**Assigned task**
A verbatim copy of all the data is required; the pictures should not appear in it.

**Recorded information**

===

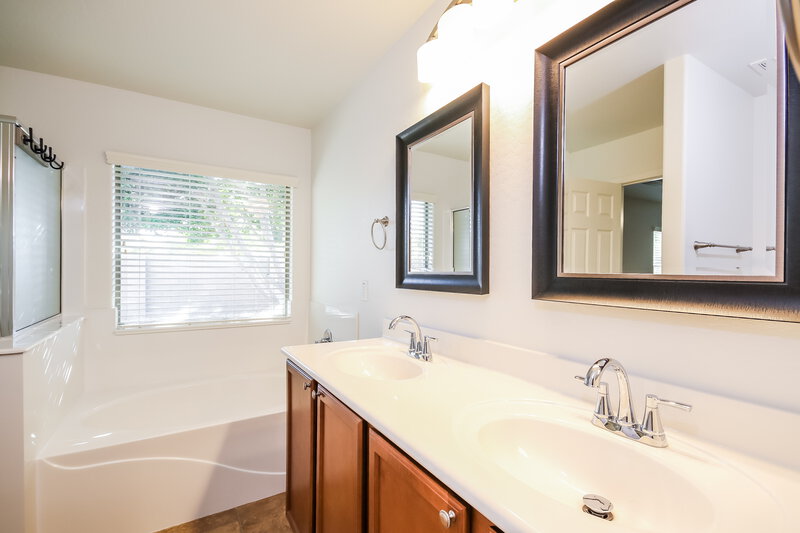 1,905/Mo, 11855 W Robin Ct Sun City, AZ 85373 Main Bathroom View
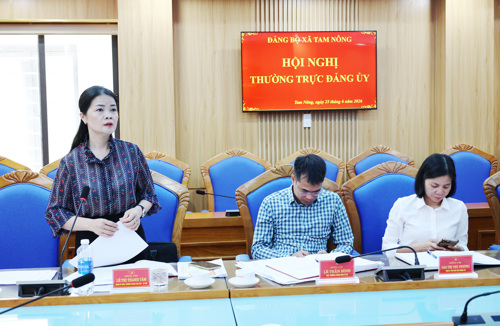 Lãnh đạo Phòng Văn hóa - Xã hội báo cáo tại hội nghị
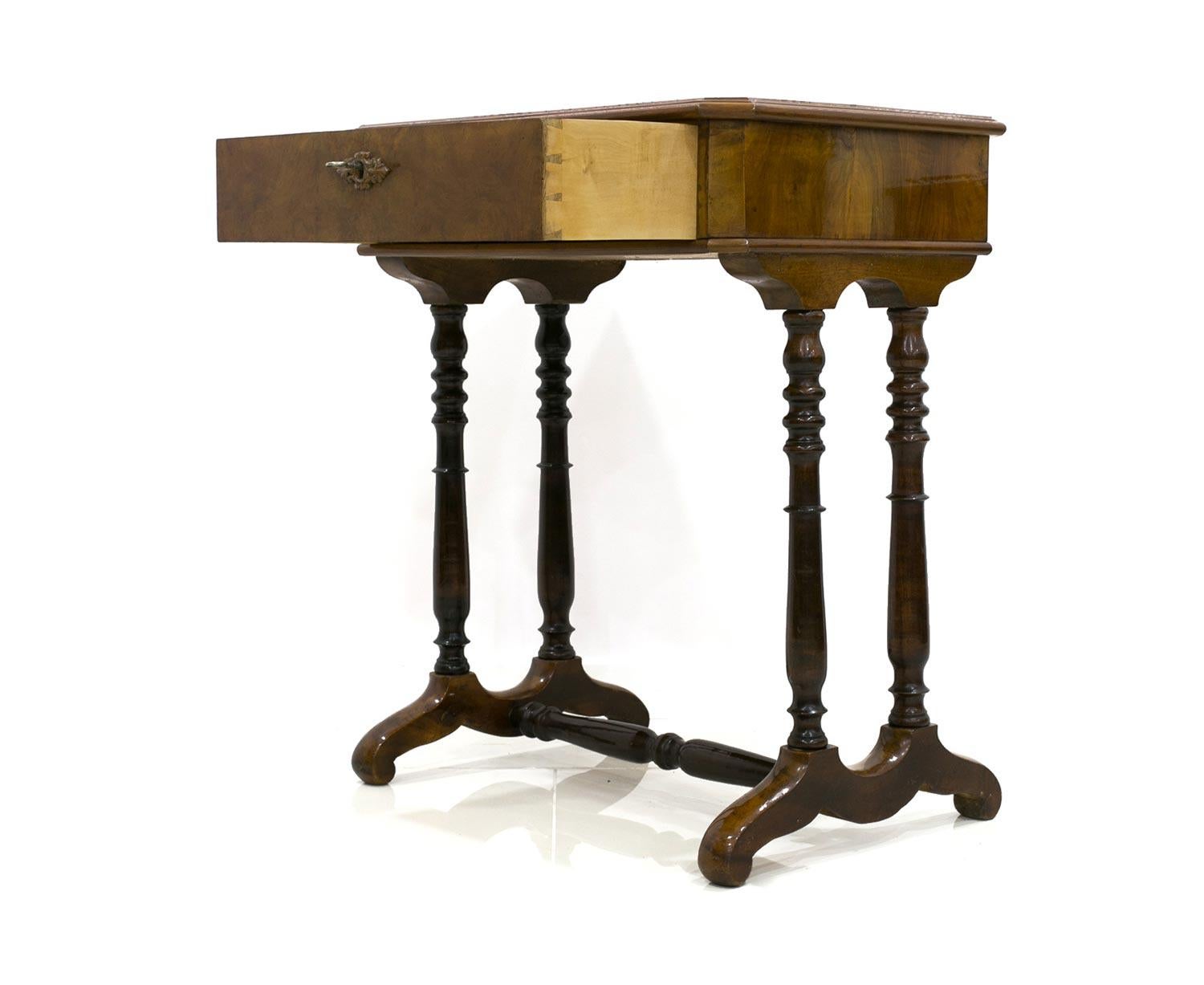 French Biedermeier Decorative Thread Table with Marquetry Details, France, circa 1820 For Sale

===

**Exercise answer**
 1,905/Mo, 11855 W Robin Ct Sun City, AZ 85373 Main Bathroom View
 Lãnh đạo Phòng Văn hóa - Xã hội báo cáo tại hội nghị
 French Biedermeier Decorative Thread Table with Marquetry Details, France, circa 1820 For Sale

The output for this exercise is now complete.